Top of Dataset content
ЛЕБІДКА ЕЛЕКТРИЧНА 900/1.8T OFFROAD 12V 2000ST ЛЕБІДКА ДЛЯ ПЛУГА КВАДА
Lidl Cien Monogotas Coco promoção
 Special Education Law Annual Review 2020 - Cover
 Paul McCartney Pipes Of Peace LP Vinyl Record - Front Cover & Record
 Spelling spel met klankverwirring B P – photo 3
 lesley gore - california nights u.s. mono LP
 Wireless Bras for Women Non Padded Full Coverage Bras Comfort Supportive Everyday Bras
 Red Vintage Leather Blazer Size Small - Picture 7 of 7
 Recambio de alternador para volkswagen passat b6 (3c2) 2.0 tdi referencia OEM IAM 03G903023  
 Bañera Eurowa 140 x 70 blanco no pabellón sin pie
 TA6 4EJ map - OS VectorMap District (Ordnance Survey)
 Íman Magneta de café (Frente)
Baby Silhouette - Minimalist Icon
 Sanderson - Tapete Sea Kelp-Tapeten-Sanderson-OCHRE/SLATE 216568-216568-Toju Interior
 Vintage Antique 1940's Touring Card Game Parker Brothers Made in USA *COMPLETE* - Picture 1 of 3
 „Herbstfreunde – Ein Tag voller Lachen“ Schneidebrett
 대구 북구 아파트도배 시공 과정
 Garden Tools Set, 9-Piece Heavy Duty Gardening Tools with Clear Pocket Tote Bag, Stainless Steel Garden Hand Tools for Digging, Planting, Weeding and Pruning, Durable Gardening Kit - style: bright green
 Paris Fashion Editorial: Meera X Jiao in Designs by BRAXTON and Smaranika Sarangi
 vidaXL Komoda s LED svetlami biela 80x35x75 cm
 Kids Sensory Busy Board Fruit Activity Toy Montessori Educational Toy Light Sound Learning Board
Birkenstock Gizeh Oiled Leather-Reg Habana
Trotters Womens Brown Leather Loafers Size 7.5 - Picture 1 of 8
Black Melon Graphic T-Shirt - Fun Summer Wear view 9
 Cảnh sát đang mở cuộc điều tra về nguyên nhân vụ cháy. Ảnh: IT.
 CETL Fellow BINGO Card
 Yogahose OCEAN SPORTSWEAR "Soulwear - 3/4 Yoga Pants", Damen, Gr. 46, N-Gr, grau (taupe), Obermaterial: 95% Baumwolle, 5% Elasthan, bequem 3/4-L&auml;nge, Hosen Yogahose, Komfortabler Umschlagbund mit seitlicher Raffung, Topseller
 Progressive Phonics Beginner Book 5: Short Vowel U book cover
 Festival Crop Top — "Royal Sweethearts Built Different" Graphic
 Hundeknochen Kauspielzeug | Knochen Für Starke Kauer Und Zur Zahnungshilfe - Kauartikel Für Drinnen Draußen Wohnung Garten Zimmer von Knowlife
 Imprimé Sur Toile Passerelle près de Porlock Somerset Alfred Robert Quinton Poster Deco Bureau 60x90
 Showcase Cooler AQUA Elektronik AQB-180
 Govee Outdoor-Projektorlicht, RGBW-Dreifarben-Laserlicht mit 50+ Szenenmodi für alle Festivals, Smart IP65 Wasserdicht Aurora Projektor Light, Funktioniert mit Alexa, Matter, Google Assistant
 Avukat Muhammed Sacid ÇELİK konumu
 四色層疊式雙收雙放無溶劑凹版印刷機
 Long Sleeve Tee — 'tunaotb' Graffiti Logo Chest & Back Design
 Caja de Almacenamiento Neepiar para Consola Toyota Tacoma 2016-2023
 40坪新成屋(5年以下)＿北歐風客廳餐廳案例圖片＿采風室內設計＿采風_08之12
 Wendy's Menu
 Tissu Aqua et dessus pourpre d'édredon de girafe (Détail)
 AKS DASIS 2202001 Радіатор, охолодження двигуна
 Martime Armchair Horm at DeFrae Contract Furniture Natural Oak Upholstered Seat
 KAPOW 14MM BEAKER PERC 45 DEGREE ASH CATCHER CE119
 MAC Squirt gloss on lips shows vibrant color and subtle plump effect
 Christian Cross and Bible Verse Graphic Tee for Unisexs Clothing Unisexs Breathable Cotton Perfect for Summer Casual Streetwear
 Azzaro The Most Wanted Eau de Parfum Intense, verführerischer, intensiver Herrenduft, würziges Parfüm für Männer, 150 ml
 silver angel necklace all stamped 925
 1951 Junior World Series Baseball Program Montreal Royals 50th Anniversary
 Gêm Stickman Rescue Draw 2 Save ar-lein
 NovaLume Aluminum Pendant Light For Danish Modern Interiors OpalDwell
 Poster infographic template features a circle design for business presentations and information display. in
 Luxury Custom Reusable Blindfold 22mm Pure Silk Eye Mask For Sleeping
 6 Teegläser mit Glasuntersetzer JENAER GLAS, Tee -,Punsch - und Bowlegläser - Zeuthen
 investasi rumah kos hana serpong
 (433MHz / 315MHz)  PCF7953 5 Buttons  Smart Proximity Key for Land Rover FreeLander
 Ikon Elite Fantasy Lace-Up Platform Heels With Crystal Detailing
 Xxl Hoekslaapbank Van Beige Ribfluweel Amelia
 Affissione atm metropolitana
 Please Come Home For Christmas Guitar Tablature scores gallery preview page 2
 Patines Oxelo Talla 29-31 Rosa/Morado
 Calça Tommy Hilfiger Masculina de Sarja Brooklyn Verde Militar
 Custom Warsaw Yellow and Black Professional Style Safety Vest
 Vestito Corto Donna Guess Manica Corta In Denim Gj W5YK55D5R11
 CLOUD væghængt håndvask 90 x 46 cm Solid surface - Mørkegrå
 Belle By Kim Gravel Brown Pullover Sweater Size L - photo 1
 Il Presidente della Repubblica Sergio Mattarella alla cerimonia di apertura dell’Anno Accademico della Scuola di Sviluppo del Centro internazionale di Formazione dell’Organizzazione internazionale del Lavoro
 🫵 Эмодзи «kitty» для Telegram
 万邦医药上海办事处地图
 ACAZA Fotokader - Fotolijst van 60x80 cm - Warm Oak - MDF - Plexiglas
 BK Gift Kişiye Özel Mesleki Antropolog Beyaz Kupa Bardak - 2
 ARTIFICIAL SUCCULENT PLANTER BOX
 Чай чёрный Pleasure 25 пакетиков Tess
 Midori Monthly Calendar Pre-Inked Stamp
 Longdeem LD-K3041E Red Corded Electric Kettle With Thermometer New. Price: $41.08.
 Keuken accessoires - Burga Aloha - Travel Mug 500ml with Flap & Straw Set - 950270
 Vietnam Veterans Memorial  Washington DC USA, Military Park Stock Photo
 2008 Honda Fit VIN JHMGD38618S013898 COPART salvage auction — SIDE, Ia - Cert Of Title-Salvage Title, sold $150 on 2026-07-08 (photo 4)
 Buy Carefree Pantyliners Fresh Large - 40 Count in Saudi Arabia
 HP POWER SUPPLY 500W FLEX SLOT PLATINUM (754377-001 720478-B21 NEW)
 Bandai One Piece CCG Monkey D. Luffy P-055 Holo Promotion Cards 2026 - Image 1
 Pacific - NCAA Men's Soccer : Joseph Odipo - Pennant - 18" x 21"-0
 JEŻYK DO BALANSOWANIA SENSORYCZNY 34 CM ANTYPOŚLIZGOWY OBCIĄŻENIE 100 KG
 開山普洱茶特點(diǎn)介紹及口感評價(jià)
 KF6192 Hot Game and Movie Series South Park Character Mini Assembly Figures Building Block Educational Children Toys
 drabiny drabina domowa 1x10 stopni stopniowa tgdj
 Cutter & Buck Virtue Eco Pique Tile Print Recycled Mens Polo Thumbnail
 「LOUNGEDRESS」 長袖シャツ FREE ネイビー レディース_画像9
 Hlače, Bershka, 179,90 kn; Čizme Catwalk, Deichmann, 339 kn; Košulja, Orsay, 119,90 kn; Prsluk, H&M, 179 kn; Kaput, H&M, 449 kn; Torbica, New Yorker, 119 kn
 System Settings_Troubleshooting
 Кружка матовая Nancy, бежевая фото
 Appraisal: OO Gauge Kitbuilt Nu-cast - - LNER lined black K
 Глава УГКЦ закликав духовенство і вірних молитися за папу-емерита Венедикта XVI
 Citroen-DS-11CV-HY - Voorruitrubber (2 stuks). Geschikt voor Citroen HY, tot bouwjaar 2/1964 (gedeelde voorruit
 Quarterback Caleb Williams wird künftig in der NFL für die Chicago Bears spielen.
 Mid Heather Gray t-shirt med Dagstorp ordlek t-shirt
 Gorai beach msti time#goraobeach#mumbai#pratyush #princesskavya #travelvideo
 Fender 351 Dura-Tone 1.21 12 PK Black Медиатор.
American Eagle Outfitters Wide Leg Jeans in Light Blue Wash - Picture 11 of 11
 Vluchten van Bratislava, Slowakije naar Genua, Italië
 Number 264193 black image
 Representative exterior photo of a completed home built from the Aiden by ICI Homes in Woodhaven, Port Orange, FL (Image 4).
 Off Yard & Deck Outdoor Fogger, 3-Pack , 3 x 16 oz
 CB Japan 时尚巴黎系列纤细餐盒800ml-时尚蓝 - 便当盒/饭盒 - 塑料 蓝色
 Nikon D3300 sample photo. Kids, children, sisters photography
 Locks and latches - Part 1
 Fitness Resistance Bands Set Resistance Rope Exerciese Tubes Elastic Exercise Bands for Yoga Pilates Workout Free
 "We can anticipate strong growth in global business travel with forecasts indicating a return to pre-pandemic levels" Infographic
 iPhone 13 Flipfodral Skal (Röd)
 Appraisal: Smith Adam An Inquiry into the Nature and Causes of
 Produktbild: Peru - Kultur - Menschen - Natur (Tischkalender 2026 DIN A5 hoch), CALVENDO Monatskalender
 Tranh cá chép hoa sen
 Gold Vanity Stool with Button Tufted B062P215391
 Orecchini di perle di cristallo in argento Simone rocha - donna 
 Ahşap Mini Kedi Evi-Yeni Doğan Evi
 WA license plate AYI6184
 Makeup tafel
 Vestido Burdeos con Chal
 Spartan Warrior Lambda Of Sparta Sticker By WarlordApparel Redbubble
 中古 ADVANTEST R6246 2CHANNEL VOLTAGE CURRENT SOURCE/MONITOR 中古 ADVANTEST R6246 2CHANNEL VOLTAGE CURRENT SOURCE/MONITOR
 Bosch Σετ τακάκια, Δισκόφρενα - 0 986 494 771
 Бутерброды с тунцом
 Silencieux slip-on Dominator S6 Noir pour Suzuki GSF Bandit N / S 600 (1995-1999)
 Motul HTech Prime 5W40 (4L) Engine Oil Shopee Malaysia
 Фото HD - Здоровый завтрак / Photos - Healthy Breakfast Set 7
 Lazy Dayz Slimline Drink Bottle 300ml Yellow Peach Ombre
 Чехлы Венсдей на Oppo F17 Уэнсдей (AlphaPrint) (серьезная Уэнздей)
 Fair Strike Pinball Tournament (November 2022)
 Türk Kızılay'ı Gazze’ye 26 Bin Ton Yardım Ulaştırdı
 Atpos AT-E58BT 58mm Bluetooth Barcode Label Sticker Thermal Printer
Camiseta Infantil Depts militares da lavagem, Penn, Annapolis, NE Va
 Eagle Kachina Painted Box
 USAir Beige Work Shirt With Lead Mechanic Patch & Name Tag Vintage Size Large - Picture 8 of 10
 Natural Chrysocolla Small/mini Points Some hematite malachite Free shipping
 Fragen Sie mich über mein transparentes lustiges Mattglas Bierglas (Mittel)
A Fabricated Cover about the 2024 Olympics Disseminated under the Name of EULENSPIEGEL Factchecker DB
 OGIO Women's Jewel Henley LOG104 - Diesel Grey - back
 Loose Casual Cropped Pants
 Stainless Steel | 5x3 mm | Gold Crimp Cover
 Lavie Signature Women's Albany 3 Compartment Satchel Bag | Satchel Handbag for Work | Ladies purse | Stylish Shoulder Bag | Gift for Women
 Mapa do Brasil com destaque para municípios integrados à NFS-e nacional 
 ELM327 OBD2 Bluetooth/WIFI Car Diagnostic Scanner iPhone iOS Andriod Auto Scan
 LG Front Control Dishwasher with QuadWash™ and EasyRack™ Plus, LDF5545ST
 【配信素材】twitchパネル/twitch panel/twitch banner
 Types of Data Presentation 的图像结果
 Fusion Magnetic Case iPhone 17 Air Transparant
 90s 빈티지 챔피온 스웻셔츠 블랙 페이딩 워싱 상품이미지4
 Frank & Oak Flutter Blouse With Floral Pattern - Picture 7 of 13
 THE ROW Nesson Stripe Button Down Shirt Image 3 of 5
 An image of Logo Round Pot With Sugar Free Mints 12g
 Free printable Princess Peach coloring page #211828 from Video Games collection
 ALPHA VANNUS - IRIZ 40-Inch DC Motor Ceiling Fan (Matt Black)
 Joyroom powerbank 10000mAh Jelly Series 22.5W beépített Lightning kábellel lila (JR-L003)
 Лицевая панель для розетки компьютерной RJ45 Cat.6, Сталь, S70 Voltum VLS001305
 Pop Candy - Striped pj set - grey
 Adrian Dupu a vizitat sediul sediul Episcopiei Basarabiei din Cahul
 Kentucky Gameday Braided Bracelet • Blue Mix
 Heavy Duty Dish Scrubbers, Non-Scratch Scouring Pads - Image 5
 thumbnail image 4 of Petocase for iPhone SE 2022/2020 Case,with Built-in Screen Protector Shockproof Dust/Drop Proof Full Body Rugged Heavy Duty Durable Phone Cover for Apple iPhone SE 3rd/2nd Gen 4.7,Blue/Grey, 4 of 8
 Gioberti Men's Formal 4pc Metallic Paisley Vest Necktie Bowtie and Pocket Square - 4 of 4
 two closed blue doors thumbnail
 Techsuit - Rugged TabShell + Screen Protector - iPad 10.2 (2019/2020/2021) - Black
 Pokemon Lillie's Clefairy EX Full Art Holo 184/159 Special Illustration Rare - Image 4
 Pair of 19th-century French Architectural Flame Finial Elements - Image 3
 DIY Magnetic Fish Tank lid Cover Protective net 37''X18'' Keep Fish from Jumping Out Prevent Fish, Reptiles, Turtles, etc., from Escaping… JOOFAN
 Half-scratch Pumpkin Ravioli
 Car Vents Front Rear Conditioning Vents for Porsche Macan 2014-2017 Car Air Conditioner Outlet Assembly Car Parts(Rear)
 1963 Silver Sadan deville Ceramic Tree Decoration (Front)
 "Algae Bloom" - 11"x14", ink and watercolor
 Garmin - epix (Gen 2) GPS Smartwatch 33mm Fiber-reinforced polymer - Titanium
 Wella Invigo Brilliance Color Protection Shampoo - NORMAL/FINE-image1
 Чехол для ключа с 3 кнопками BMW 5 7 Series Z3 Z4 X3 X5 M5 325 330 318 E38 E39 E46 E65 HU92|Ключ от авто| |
Bottom of Dataset content
◆ What to work on
Among the lines of these entries, find those that contain "Pocket". Give their number and nothing else.

◆ Answer box
2